In fact, it is obvious that older voters who came of age before the 1965 Immigration Act, before the new multicultural America, often don’t get it. They, and rural southern whites who have a binary view of race because of how they produced and reproduced race in their local politics. And then apparently the New York Times is the other segment of society that doesn’t get it. That one, I don’t quite understand.
I think it is more significant that Obama is the first major party candidate for president who got where he is through the current iteration of the World Wide Web, which includes the blogging world, distributed information networks, social networking, and video sites such as YouTube (i.e. Web 2.0). That is, the Iowa breakthrough was iconic of Obama’s success, because youth, progressivism, metro-racialism and independent politics are all tightly interwoven with Web 2.0.
Ironically, Bill Clinton’s campaign in 1992 was the first to use email extensively to shape the news cycle and contact supporters, but Hillary Clinton’s people did not seem as good (or maybe as interested) in being on the vanguard of communications technology.

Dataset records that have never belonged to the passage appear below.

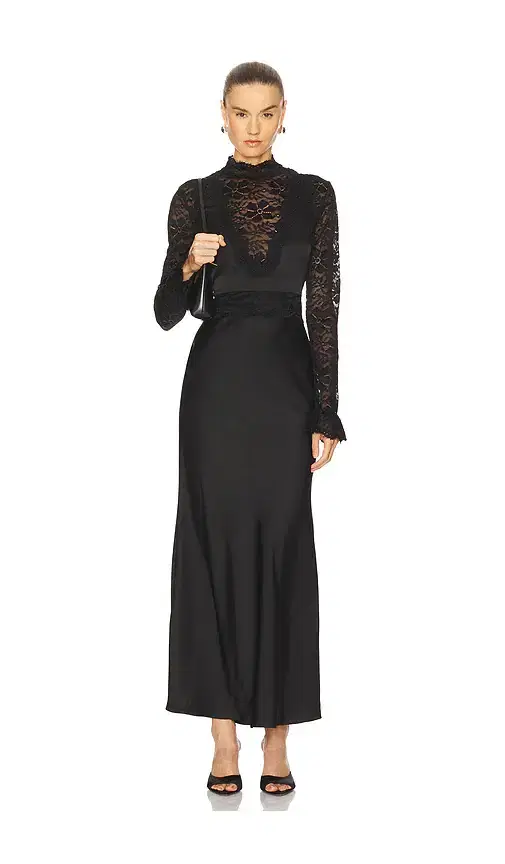 ELLIATT Margot Long Sleeve Gown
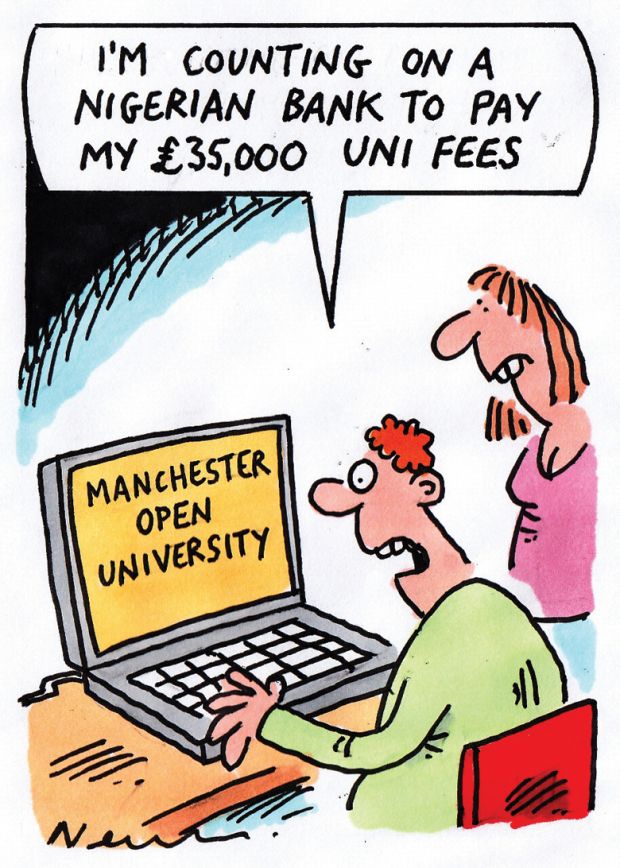 The week in higher education cartoon (14 April 2016) The week in higher education cartoon (14 April 2016)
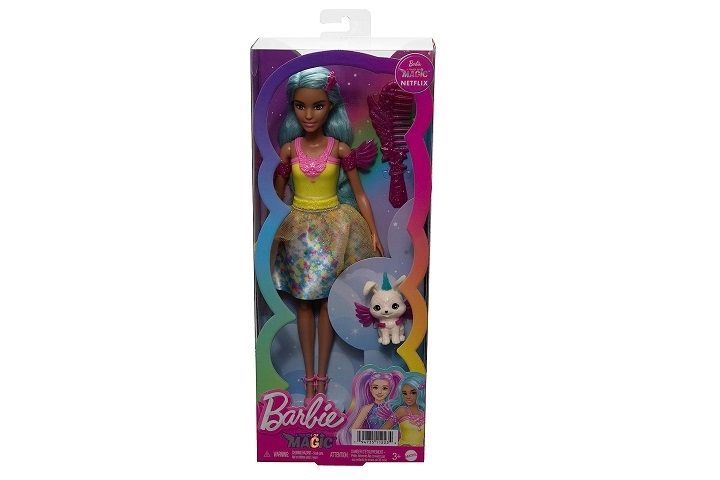 BARBIE LALKA Z PIESKIEM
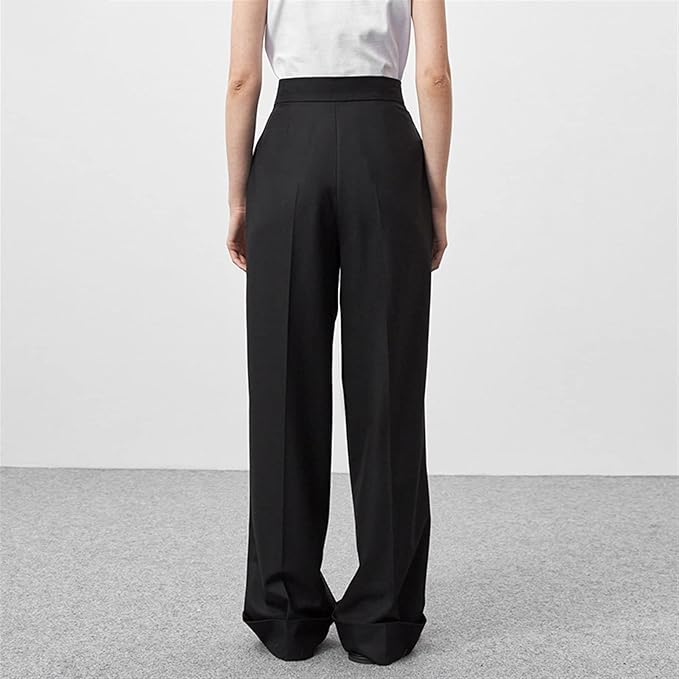 Flora - Oversize-Hose aus Satin für Frauen
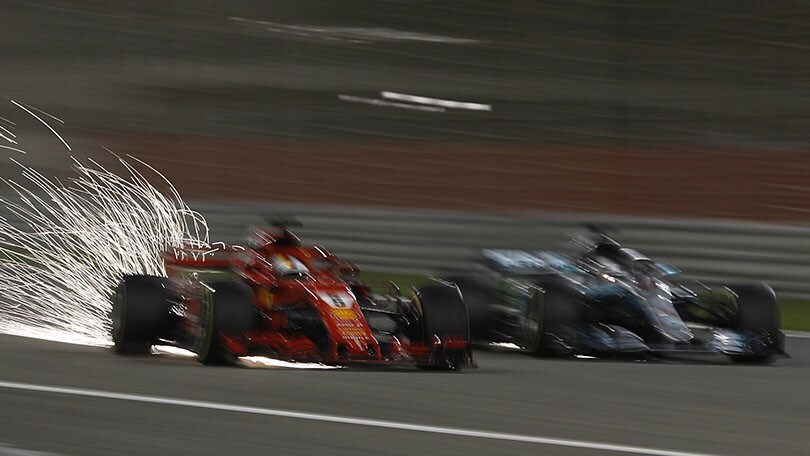 F1 Bahrain, analisi GP: Mercedes battuta in velocità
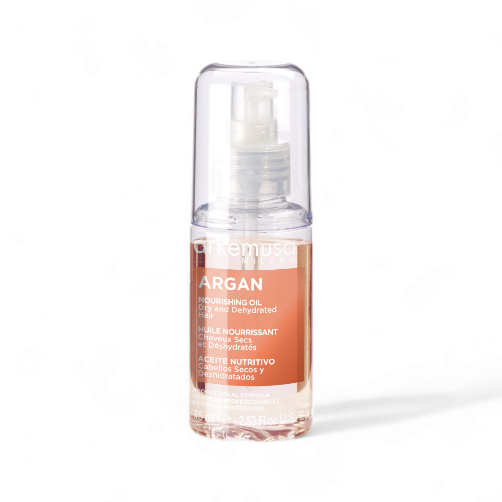 ARKEMUSA Argan Nourishing Hair Care Set  مجموعة اركيموزا بزيت الأركان للعناية بالشعر — 4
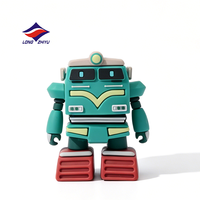 Figurine mascotte Longzhiyu 20 ans, nouvelle collection, personnalisée en PVC souple, poupée en caoutchouc, jouet animal de dessin animé en vinyle injecté, boîte mystère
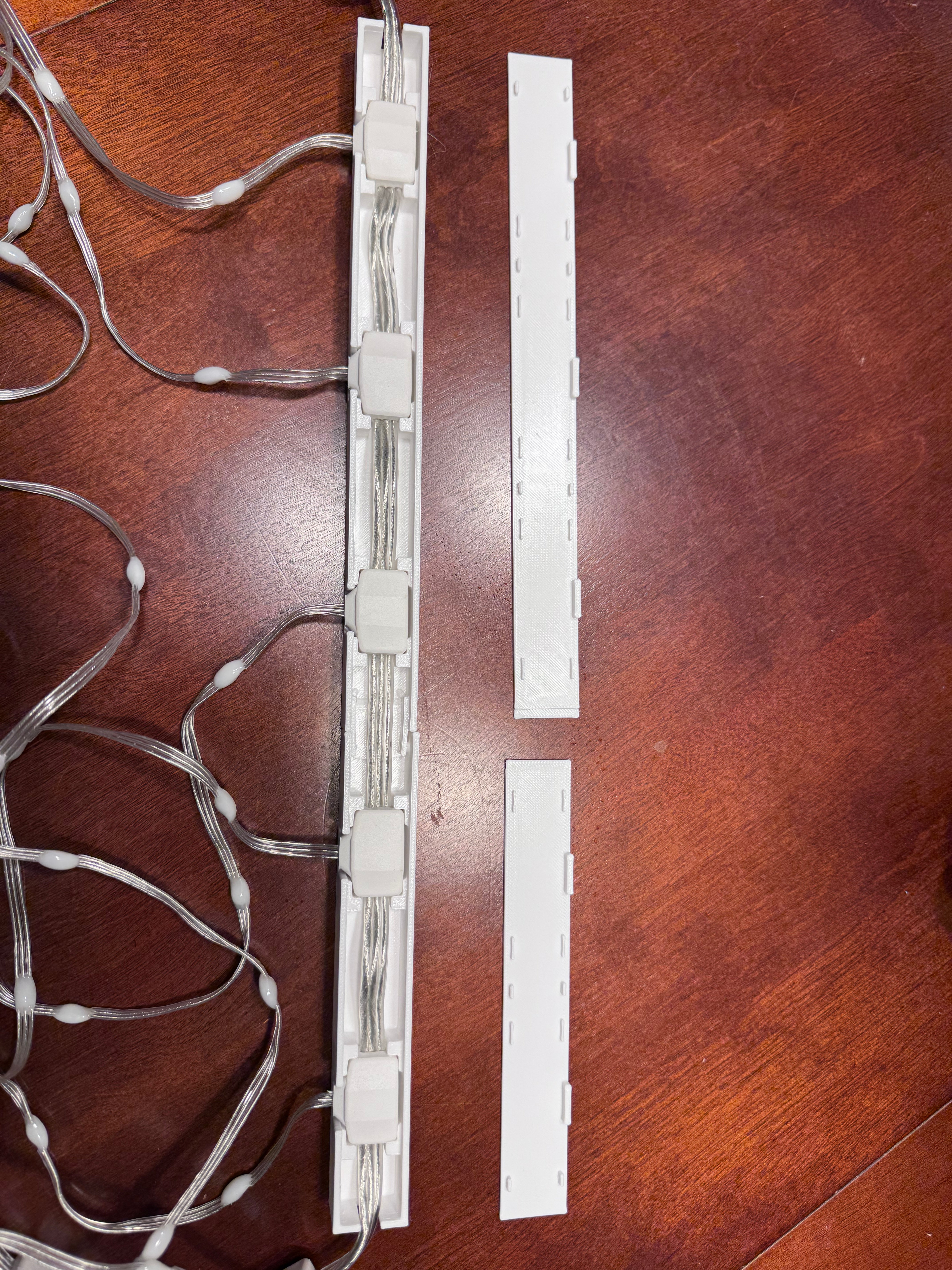 Govee Version 1 Light Curtain Tracks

Among the more important capabilities bestowed by the Web 2.0 has been a new model of grassroots fundraising. American politics had been dominated by rich old cranky white people, because they had the money and they voted. They gave us all those Republican administrations and they shaped the Clinton administration as essentially neo-Eisenhowerism. Obama really does have an opportunity to accomplish some new things in American politics, and to avoid slavish adherence to Lobby politics, precisely because he has a different economic base. People younger than 65, and people for whom certain racial categories are not the most important thing in the world, might finally have a voice. In the past, the promise of the youth vote has always faltered when it comes to the November elections. If people in their 20s, 30s and 40s really want change (and with Iraq, the economy, etc., why would they not?) they have to go on organizing, canvassing, giving and above all voting. It is in your hands, O Generation of Web 2.0.